The event was a 10-minute blip in Rivera’s workday yesterday, his 100th as mayor. Like most of the 99 before it, the day included a dose of crisis management and a sharp focus on issues of public safety, education and re-crafting the battered image of a city that in recent years became known for official corruption, violent crime and a mayor – defeated by Rivera in November - with an alienating leadership style whose former chief of staff was sent to jail for 18 months last week. Former Mayor William Lantigua’s deputy police chief goes on trial on other corruption charges next month.
Rivera emphasized the need to rebuild the city’s reputation in another mid-morning meeting in his office yesterday, when he hosted a group of eight juniors from the Greater Lawrence Technical School who were touring City Hall as part of a lesson in civics.
After discussing the city’s immigrant history, City Hall lore, what drove him to public service and where to get the best college education (he recommended his alma mater, the University of Massachusetts), Rivera told the students that where ever they go to college, they should consider themselves ambassadors for the city.
“It’s important for you guys to go out and do something great to boost our image,” Rivera told them. “It’s important for us to keep in mind that everyone’s watching.”
Beyond remaking the city’s image, which Rivera says is fundamental to attracting developers, the tasks for the new mayor of the state’s poorest city are huge. Lawrence’s 14 percent unemployment is among the highest of the 351 municipalities in Massachusetts. Its per capita income of about $17,000 is the lowest. One in four city children live in poverty. Abandoned mills along both sides of the Merrimack River contain millions of square feet of empty space. A state receiver runs the public schools and a state fiscal overseer has veto power over city spending.
Rivera stepped into those challenges 100 days ago with a promise to be bold, a word he used more than a dozen times in his inaugural address to an overflow crowd at Lawrence High School.
Yesterday, during a few minutes of down time between meetings and events, he responded to a question about his accomplishments so far by handing a reporter a bulleted, neatly typed list with 108 entries: hired six cops, a comptroller, a water commissioner and development and planning directors; restocked the boards and commissions that had gone fallow under Lantigua; met with Gov. Deval Patrick, Attorney General Martha Coakley and U.S. Sens. Elizabeth Warren and John Markey; helped manage the response to six winter storms, including the one that struck as he was taking the oath of office Jan. 2; sued the owner of the former Merrimac Paper mill to force him to demolish the ruins of a building destroyed in a fire; helped bring back the St. Patrick’s Day parade and instituted a dress code at City Hall, resulting in a lawsuit from a union.

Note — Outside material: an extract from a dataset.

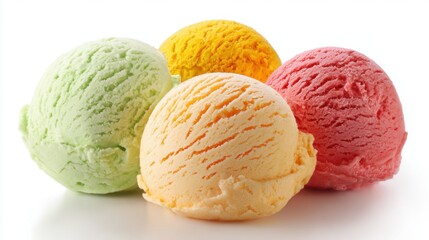 Fototapeta premium Four vibrant scoops of ice cream sit neatly on a plain background, showcasing flavors like mint green, bright yellow, creamy orange, and cheerful pink.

His first budget is in the works, due next month. He’s promised no property tax increase.
Rivera’s speed on some issues prompted City Council President Modesto Maldonado to protest that the new mayor sometimes hopscotches over proper procedure and process in his rush to get things done, including when he put a new planning director on the payroll before the council even received her nomination.
Rivera noted the appointment is temporary pending the council’s approval and acknowledged his administration is “trying to work not at the speed of government.”
“There’s work to do,” he said. “We need a planning director. We’ve been woefully under-represented on housing in this community, on transportation, all kinds of stuff.”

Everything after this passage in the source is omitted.